### Task statement
Please repeat, from the entries that follow, the lines from the one containing "SCANIA 2016/12 - 2" through the one containing "Flir m364c thermal" exactly, adding nothing.

====== The data ======

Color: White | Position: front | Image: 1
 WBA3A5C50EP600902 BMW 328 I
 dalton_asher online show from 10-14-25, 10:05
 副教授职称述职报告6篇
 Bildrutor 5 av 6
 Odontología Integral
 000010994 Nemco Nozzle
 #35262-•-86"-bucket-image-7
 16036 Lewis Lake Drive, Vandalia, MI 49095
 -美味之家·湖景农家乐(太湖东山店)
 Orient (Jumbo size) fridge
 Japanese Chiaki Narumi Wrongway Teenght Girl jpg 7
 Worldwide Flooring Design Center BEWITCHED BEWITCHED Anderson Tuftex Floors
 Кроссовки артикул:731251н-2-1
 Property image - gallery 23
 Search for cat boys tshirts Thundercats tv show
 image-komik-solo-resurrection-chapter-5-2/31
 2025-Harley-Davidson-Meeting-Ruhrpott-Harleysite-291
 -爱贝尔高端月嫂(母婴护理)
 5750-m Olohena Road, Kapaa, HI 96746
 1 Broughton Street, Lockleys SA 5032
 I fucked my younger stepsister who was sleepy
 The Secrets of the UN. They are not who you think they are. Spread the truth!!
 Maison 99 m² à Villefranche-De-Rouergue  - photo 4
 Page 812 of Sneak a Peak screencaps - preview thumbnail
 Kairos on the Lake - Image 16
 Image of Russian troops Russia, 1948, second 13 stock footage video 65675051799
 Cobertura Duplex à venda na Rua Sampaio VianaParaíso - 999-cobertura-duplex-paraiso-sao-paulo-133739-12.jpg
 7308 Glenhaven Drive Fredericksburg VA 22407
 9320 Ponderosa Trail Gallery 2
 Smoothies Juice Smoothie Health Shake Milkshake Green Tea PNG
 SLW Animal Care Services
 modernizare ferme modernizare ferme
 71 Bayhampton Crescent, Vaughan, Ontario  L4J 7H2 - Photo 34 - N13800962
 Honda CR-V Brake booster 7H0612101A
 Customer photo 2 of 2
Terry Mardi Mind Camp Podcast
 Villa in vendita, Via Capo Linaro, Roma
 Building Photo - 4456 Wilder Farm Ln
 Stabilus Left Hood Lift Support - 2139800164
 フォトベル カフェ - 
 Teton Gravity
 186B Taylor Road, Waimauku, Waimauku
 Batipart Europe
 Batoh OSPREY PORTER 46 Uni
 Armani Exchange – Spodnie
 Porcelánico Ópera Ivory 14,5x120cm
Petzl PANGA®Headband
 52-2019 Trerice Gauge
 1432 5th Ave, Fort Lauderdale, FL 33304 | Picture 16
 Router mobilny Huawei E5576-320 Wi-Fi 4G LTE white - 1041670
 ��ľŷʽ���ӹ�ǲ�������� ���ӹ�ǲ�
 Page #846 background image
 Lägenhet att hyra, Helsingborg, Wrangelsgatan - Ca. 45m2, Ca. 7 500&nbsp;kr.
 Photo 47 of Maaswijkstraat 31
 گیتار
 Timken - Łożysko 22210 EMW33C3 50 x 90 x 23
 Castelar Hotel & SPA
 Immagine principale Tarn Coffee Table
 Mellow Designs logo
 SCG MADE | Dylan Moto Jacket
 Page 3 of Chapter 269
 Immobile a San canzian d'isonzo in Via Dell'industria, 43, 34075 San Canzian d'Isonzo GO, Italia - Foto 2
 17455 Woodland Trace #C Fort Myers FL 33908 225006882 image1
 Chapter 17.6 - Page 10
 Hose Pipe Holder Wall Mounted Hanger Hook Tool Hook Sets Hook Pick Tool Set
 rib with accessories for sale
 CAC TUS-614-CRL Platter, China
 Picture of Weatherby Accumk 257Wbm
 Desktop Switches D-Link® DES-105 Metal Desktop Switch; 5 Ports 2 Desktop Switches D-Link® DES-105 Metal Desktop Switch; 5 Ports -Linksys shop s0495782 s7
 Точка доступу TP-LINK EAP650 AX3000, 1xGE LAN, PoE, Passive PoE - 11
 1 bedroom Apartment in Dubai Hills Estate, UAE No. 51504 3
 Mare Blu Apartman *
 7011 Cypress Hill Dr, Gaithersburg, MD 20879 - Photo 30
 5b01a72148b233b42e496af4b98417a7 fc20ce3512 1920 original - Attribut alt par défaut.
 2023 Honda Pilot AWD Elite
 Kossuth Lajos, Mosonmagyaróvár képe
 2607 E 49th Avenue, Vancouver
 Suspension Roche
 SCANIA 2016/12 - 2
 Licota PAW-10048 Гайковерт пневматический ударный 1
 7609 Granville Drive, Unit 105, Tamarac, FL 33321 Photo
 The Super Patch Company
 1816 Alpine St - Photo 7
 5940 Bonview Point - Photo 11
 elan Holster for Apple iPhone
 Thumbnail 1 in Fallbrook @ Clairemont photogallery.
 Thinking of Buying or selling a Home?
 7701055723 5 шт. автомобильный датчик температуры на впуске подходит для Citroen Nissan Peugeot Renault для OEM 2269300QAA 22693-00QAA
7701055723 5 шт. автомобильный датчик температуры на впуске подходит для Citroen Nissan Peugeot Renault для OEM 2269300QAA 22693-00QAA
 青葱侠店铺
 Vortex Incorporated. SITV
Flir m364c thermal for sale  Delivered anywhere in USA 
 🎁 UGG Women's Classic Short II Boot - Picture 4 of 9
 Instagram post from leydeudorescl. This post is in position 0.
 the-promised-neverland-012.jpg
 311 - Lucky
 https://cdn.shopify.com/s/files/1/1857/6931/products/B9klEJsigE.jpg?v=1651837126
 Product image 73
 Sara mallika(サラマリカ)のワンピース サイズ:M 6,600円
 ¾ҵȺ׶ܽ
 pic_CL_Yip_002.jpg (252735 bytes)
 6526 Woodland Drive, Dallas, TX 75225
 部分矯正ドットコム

======

### Output for this task
 SCANIA 2016/12 - 2
 Licota PAW-10048 Гайковерт пневматический ударный 1
 7609 Granville Drive, Unit 105, Tamarac, FL 33321 Photo
 The Super Patch Company
 1816 Alpine St - Photo 7
 5940 Bonview Point - Photo 11
 elan Holster for Apple iPhone
 Thumbnail 1 in Fallbrook @ Clairemont photogallery.
 Thinking of Buying or selling a Home?
 7701055723 5 шт. автомобильный датчик температуры на впуске подходит для Citroen Nissan Peugeot Renault для OEM 2269300QAA 22693-00QAA
7701055723 5 шт. автомобильный датчик температуры на впуске подходит для Citroen Nissan Peugeot Renault для OEM 2269300QAA 22693-00QAA
 青葱侠店铺
 Vortex Incorporated. SITV
Flir m364c thermal for sale  Delivered anywhere in USA 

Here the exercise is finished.